Dan fühlte sich wie ein zerbrechlicher Gegenstand, der an den Rand eines hohen Regals gerutscht, aber noch nicht ganz heruntergefallen war, und er wollte keinen anderen Sponsor oder irgendwelche sonstigen Veränderungen. Er fühlte sich ganz gut, aber empfindlich. Sehr empfindlich. Fast hautlos. Die Visionen, die ihn nach seiner Ankunft in Frazier geplagt hatten, waren verschwunden, und er dachte zwar oft an Deenie und ihren kleinen Jungen, aber diese Gedanken waren längst nicht mehr so schmerzhaft. Am Ende fast jeden AA-Meetings las jemand die Versprechen vor. Eines davon lautete: Wir wollen die Vergangenheit weder beklagen noch die Tür hinter ihr zuschlagen. Dan dachte, er würde die Vergangenheit immer beklagen, aber er versuchte wenigstens nicht mehr, die Tür hinter ihr zuzuschlagen. Wieso sollte er sich auch die Mühe machen, wenn sie sich doch gleich wieder öffnete? Das verfluchte Ding hatte ja keinen Riegel, geschweige denn ein Schloss.

Während er dasaß, begann er in Druckbuchstaben ein einzelnes Wort auf die aktuelle Seite des Büchleins zu schreiben, das Casey ihm geschenkt hatte. Er malte große, verschnörkelte Buchstaben. Weshalb er das tat und was es bedeutete, wusste er nicht. Das Wort war ABRA.

Inzwischen hatte die Sprecherin ihre Vorstellung beendet und brach in Tränen aus. Weinend erklärte sie, ihr Ex sei ein Scheißkerl und sie liebe ihn immer noch, aber sie sei dankbar, jetzt trocken zu sein. Dan schloss sich dem Beifall der anderen Teilnehmer an, dann begann er, die Buchstaben mit seinem Kugelschreiber zu kolorieren. Sie dicker zu machen. Sie hervorzuheben.

Kenne ich diesen Namen? Ich glaube schon.
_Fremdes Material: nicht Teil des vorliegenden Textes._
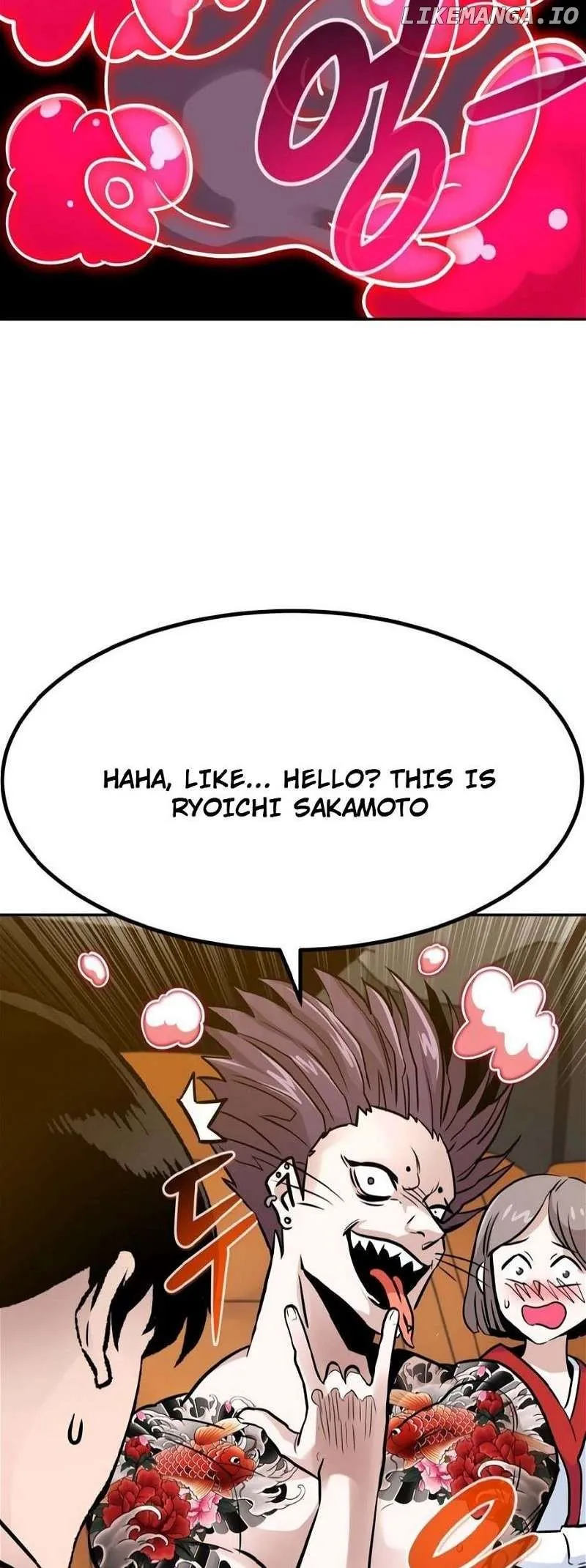 All Rounder Chapter 78 Online - página 16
Während der nächste Teilnehmer zu sprechen anfing und Dan zum Kaffeespender ging, um sich eine neue Tasse zu holen, fiel es ihm ein. Abra war der Name einer jungen Frau in einem Roman von John Steinbeck. Jenseits von Eden. Wo hatte er den nur gelesen … er erinnerte sich nicht mehr. Bei einem Zwischenstopp. Irgendwo. War auch egal.

Ein anderer Gedanke

(hast du sie aufbewahrt)

stieg an die Oberfläche seines Bewusstseins wie eine Luftblase und platzte.

Was aufbewahrt?

Frankie P., der alte Kerl, von dem das Meeting geleitet wurde, erkundigte sich, ob jemand die Medaillen verteilen wolle. Als niemand die Hand hob, zeigte Frankie auf Dan. »Was ist mit dir da hinten beim Kaffee?«

Verlegen ging Dan nach vorn und hoffte, sich an die Reihenfolge der Medaillen erinnern zu können. Die erste – weiß für Neulinge – besaß er bereits. Während er die zerbeulte Keksdose mit den Chips und Medaillen entgegennahm, meldete der Gedanke sich wieder.

Hast du sie aufbewahrt?

3

Dies war der Tag, an dem der Wahre Knoten, der auf einem öffentlichen Campingplatz in Arizona überwintert hatte, aufbrach und wieder nach Osten reiste. In der üblichen Karawane fuhr man auf der Route 77 in Richtung Show Low: vierzehn Wohnmobile, teils mit angehängten Pkws, teils mit am Heck befestigten Gartenstühlen oder Fahrrädern. Es waren Southwinds und Winnebagos, Monacos und Bounders. Der EarthCruiser von Rose – ein siebenhunderttausend Dollar teures Prachtstück aus importiertem Stahl, das beste Wohnmobil auf dem Markt – führte die Parade an. Aber langsam, mit nicht mehr als fünfundfünfzig Meilen pro Stunde.